What I'm about to point out is an inexact analogy -- vandalism and arson do not equate to speech, regardless of what lunacy has leeched from college campuses into the body politic -- but once upon a time, the two political parties showed respectful deference to the opposition during their conventions. They did this by merely keeping their mouths shut.
Not any longer. With his singular knack for self-promotion and bombast, President Trump tried his best to discredit the Democrats during their online gathering. This week, the Democrats are returning the favor. The news that Trump is going to give his Thursday acceptance speech from the South Lawn of the building the British torched is only going to amp up the vitriol.
This is now known as "counter-programming," which is a lame euphemism.
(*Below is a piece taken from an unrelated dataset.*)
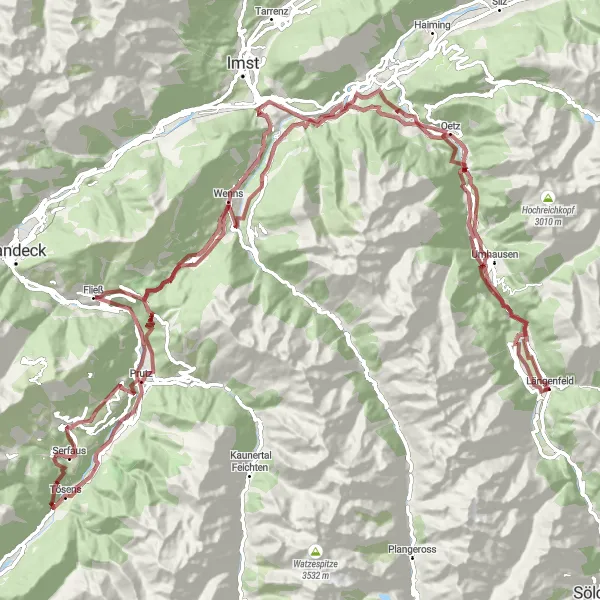 Mapa miniatúra "Gravel trasa Sandbichl - Winklen" cyklistická inšpirácia v Tirol, Austria. Vygenerované cyklistickým plánovačom trás Tarmacs.app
A better description of it is "tacky." And a media that hasn't itself become partisan and polarized might point out that this incommodious custom is a fairly recent development.
As a contrast, consider the 1996 mid-August Republican convention held in San Diego where Jack Kemp was introduced to the GOP delegates as Bob Dole's running mate. I covered the White House at the time and recall the Democrats' reaction. Instead of spending the week badmouthing the GOP ticket -- the approach taken by Trump toward Joe Biden -- Bill Clinton and his family went on vacation in Jackson Hole.
On Aug. 14, 1996, President Clinton met briefly with a group of White House correspondents who had made the trip to Wyoming. He was asked this question:
"Do you care to comment at all about the choice of Jack Kemp for the Republican vice presidential nomination?
"No, I'm going to leave them alone." Clinton replied. "Let them have their convention. I like Al Gore. That's my comment. The best vice president in history."
Let them have their convention. Wasn't that a classier way to conduct politics?